Search code examples
pythondatetimedata-masking

How do I add uniform random noise to a timestamp?


I am trying to mask datetime values by adding uniform random noise to the datetime values.

I currently use the Cape Python module to add noise to my data. However I'd like to develop my own custom function similar to the one provided by Cape Python below.

!pip install cape-privacy
from cape_privacy.pandas.transformations import *
import datetime

s = pd.Series([datetime.date(year=2020, month=2, day=15)])
perturb = DatePerturbation(frequency="MONTH", min=-10, max=10)
perturb(s)
# Returns 2019-07-20

Is there a way I can add noise (between min and max) to the DAY, MONTH or YEAR or a combination of the aforementioned, given a datetime value and make it look credible?

# Input
2021-09-23

# Expected Output when noise is added to DAY between -10 and 10
2021-09-20

Solution

  • I don't know Cape Python, so this might be off...

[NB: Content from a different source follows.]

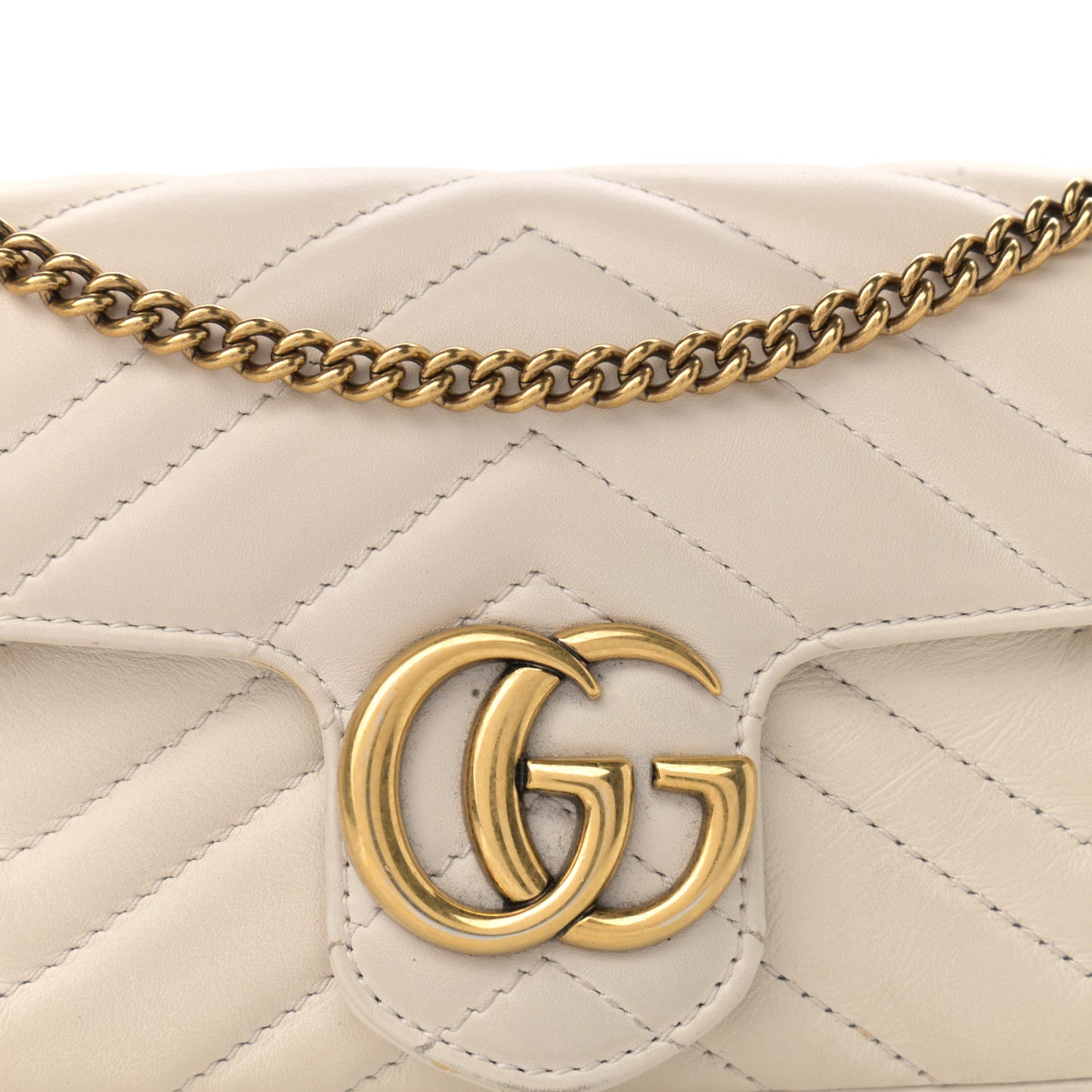 Calfskin Matelasse Super Mini GG Marmont Shoulder Bag White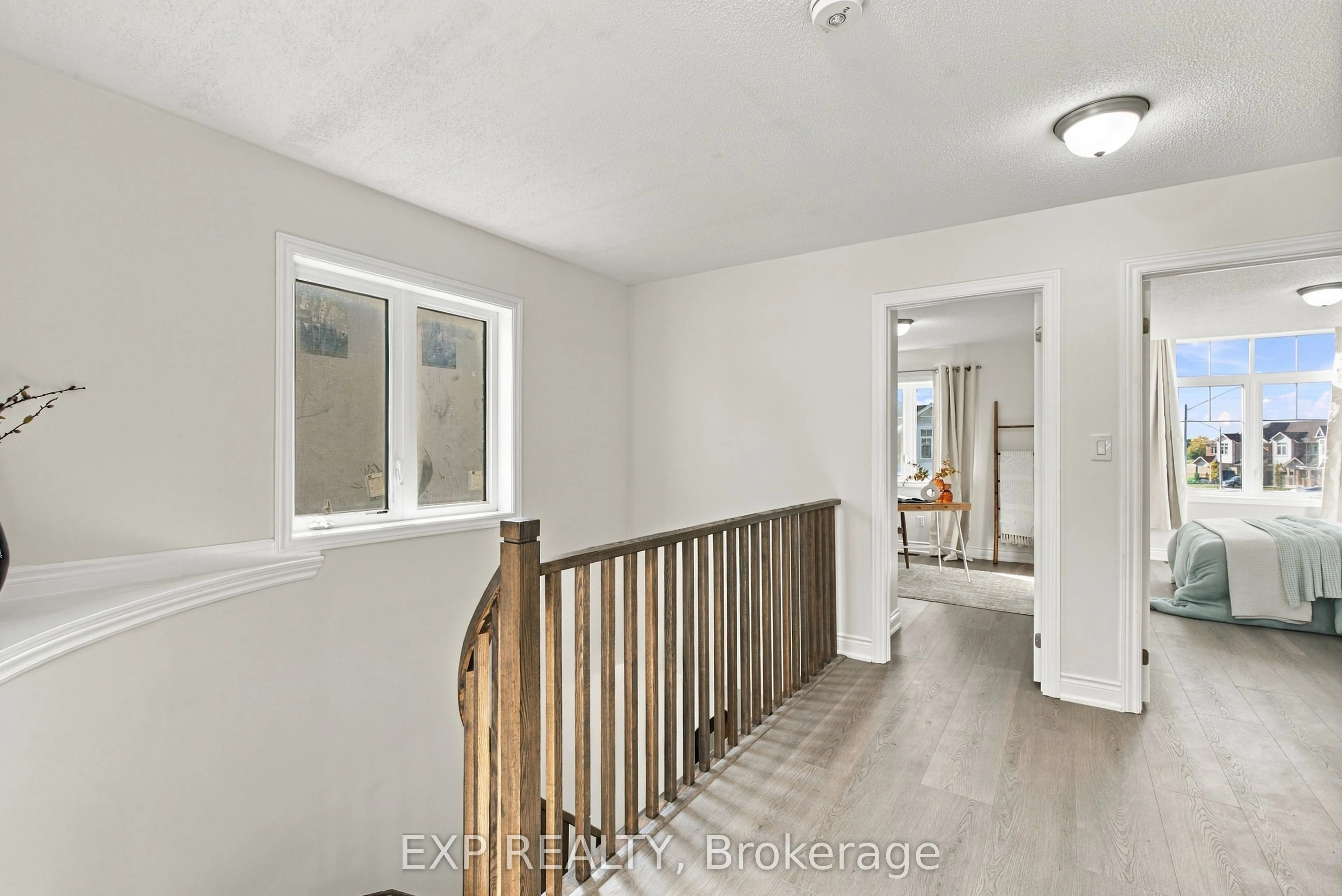 31 Sapphire Way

    Here's a way to do that:

    from datetime import date, timedelta
    from random import randint
    
    def date_pertubation(d, attribs, minimum, maximum):
        if isinstance(attribs, str):
            attribs = [attribs]
        attribs = [attrib.casefold() for attrib in attribs]
        year = d.year
        if "year" in attribs:
            year += randint(minimum, maximum)
        month = d.month - 1
        if "month" in attribs:
            month += randint(minimum, maximum)
            year_delta, month = divmod(month, 12)
            year += year_delta
        month += 1
        day_delta = d.day - 1
        if "day" in attribs:
            day_delta += randint(minimum, maximum)
        
        return date(year, month, 1) + timedelta(days=day_delta)
    

    This

    d = date(year=2020, month=2, day=15)
    for _ in range(5):
        print(date_pertubation(d, "DAY", -20, 20).strftime("%Y-%m-%d"))
    for _ in range(5):
        print(date_pertubation(d, "YEAR", -3, 3).strftime("%Y-%m-%d"))
    for _ in range(5):
        print(date_pertubation(d, ["YEAR", "MONTH", "DAY"], -3, 3).strftime("%Y-%m-%d"))
    

    will produce something like

    2020-02-11
    2020-02-09
    2020-01-29
    2020-02-29
    2020-03-01
    
    2022-02-15
    2022-02-15
    2020-02-15
    2017-02-15
    2017-02-15
    
    2016-12-12
    2016-12-14
    2021-01-13
    2019-11-15
    2021-05-14